Eine stärkere Beteiligung der Städte am Zusammenwachsen Europas reklamierte einer der Stellvertreter des Städtetagspräsidenten, der Dresdener Oberbürgermeister Dr. Herbert Wagner: "Weil die EU unter einem demokratischen Defizit leidet und Europa von vielen als bürgerfern empfunden wird, ist es wichtiger denn je, dass die Städte an der europäischen Politik beteiligt werden. Dem Ausschuss der Regionen müssen echte Befugnisse zur Mitwirkung übertragen werden. Es darf nicht dabei bleiben, dass von den 24 deutschen Sitzen nur drei den kommunalen Spitzenverbänden zuerkannt sind und die Länder die anderen 21 Sitze innehaben.
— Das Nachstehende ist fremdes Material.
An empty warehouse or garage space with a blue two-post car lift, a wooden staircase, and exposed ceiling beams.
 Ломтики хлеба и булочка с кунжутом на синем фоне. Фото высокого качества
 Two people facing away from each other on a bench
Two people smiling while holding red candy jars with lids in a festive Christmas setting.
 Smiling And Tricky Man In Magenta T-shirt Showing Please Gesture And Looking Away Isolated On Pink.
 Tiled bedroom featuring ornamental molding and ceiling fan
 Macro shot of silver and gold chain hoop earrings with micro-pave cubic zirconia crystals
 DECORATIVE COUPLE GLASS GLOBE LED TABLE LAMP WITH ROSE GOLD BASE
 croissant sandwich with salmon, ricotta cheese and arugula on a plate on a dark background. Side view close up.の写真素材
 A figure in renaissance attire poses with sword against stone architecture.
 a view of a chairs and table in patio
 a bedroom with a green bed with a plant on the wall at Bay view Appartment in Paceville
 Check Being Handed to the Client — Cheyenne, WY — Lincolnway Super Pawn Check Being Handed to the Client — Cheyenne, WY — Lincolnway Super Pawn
Außerdem sollte den kommunalen Spitzenverbänden Europas ein verbindliches Beteiligungsrecht bei europäischen Rechtsakten eingeräumt werden."

Wagner nannte als eine wesentliche Aufgabe für die Städte selbst, eine wachsende politische Beteiligung der Bürgerinnen und Bürger zu fördern. Die Demokratie in den Städten müsse gestärkt werden. Die Stadt habe nur Zukunft, wenn sich die Bürgerinnen und Bürger mit ihr identifizieren, sich in ihr wohlfühlen, sich für sie engagieren. In neuen Beteiligungsformen wie Stadtteilforen, Bürgerhaushalten, bei der Diskussion städtischer Leitbilder oder in kriminalpräventiven Gremien könnten die Menschen freiwillig Politik mitgestalten. Hier hätten die Städte von sich aus - ohne gesetzliche Regelung - schon gute Erfolge erzielt. Dieser Weg, so der stellvertretende Städtetagspräsident, sei verstärkt weiter zu verfolgen.

"Uns erscheint sinnvoll, über eine Ergänzung der repräsentativen Demokratie durch plebiszitäre und vor allem kooperative Elemente nachzudenken. Die Bereitschaft von Rat und Verwaltung, durch Bürgerbeteiligung Kooperation und Konsens mit den Bürgerinnen und Bürgern zu suchen, verbessert die Entscheidungsgrundlagen des Rates. Bürgerbeteiligung kann die Information über die Stadt und das Interesse am Gemeinwesen fördern. Die Bürger müssen sich ernstgenommen wissen", sagte Oberbürgermeister Dr. Wagner.